> [Your instructions]: Starting at the line containing "First of all" and ending at the line containing "Good morning to", transcribe the listing below exactly. Keep both end lines, skip the pictures, and copy nothing else.

> [Dataset content]:
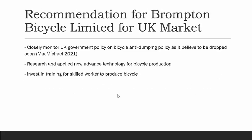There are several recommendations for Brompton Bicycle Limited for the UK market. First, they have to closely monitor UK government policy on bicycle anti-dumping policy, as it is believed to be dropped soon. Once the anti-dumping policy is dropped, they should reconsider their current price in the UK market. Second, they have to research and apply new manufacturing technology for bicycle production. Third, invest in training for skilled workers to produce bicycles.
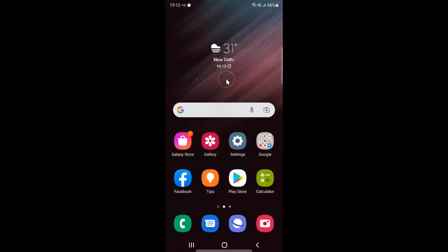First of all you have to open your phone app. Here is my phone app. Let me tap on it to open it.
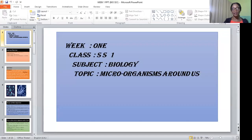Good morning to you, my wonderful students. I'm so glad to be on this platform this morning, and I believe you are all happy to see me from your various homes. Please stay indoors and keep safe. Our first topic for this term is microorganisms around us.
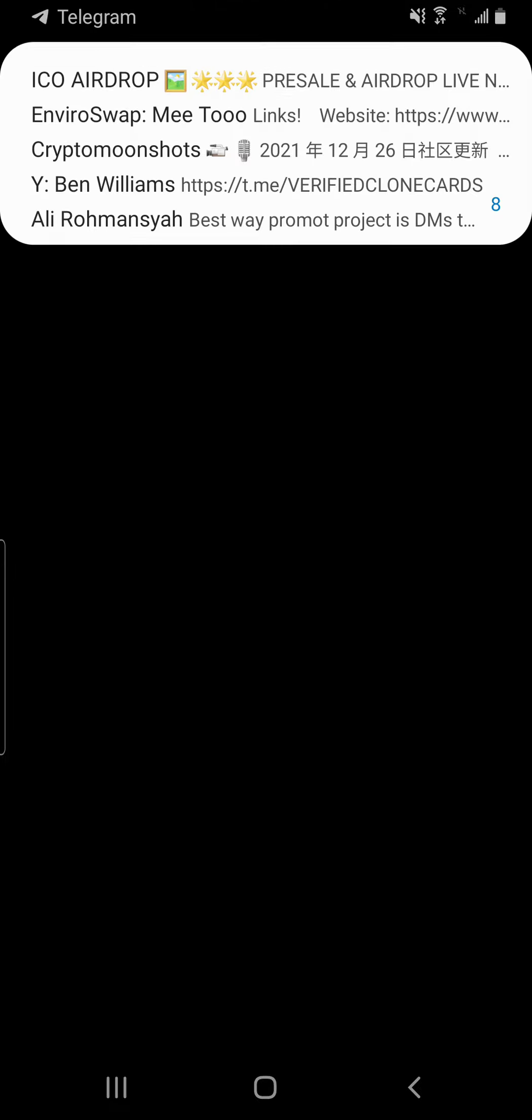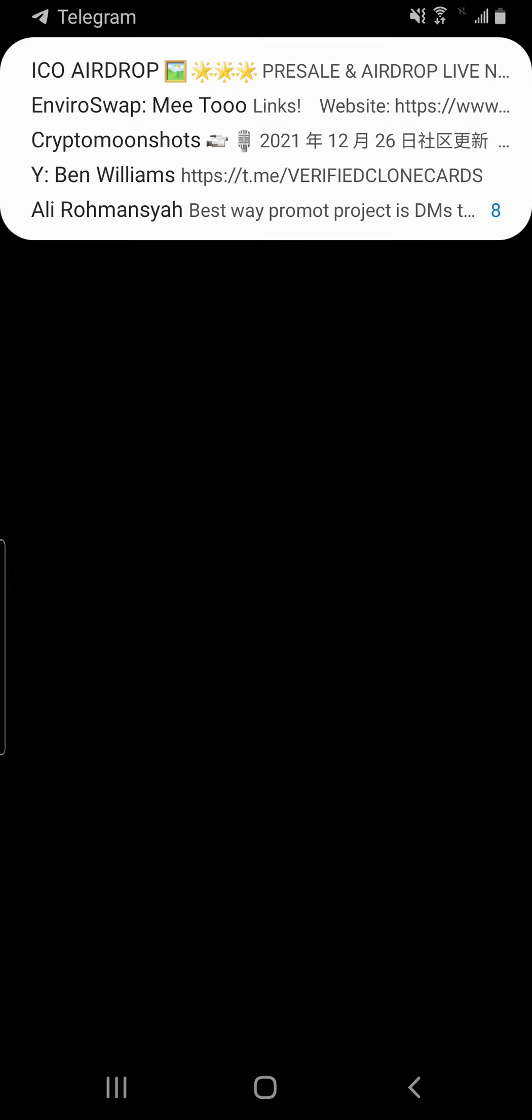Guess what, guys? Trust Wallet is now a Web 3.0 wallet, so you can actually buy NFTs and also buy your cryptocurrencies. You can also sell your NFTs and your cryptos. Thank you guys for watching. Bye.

> [Reply to the task]:
First of all you have to open your phone app. Here is my phone app. Let me tap on it to open it.
Good morning to you, my wonderful students. I'm so glad to be on this platform this morning, and I believe you are all happy to see me from your various homes. Please stay indoors and keep safe. Our first topic for this term is microorganisms around us.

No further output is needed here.